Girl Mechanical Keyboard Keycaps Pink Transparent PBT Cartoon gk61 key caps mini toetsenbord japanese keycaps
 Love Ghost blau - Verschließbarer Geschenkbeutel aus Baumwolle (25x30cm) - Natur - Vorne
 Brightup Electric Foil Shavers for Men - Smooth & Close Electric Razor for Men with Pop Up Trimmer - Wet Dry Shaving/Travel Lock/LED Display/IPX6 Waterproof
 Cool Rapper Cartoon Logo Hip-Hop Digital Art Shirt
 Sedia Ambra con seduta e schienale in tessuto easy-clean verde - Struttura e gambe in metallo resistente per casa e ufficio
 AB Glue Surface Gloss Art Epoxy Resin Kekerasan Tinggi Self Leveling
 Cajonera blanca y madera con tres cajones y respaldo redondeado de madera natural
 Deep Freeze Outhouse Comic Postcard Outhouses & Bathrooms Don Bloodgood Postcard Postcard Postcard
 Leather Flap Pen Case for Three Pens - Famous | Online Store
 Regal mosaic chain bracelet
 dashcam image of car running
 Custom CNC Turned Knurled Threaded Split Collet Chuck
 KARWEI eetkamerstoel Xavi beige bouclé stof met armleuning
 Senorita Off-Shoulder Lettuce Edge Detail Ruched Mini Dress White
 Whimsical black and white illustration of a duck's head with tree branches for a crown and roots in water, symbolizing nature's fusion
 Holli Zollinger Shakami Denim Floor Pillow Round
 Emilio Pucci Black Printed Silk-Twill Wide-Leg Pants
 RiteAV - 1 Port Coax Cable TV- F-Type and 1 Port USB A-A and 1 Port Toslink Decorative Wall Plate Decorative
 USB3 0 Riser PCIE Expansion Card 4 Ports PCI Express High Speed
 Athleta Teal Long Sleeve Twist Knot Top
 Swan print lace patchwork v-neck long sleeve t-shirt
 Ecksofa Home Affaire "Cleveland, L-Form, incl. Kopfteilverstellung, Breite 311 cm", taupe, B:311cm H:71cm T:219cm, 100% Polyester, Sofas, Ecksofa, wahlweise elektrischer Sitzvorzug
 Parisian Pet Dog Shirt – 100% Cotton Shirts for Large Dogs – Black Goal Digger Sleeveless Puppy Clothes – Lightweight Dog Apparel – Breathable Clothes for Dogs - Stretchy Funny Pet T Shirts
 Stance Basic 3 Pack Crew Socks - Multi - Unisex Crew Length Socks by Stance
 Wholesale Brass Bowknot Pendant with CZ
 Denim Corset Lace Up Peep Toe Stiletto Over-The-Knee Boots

### Exercise goal
For the lines above, output exactly those from the line containing "Athleta Teal Long Sleeve Twist Knot Top" through the line containing "Ecksofa Home Affaire", and skip the others.

### Answer space
 Athleta Teal Long Sleeve Twist Knot Top
 Swan print lace patchwork v-neck long sleeve t-shirt
 Ecksofa Home Affaire "Cleveland, L-Form, incl. Kopfteilverstellung, Breite 311 cm", taupe, B:311cm H:71cm T:219cm, 100% Polyester, Sofas, Ecksofa, wahlweise elektrischer Sitzvorzug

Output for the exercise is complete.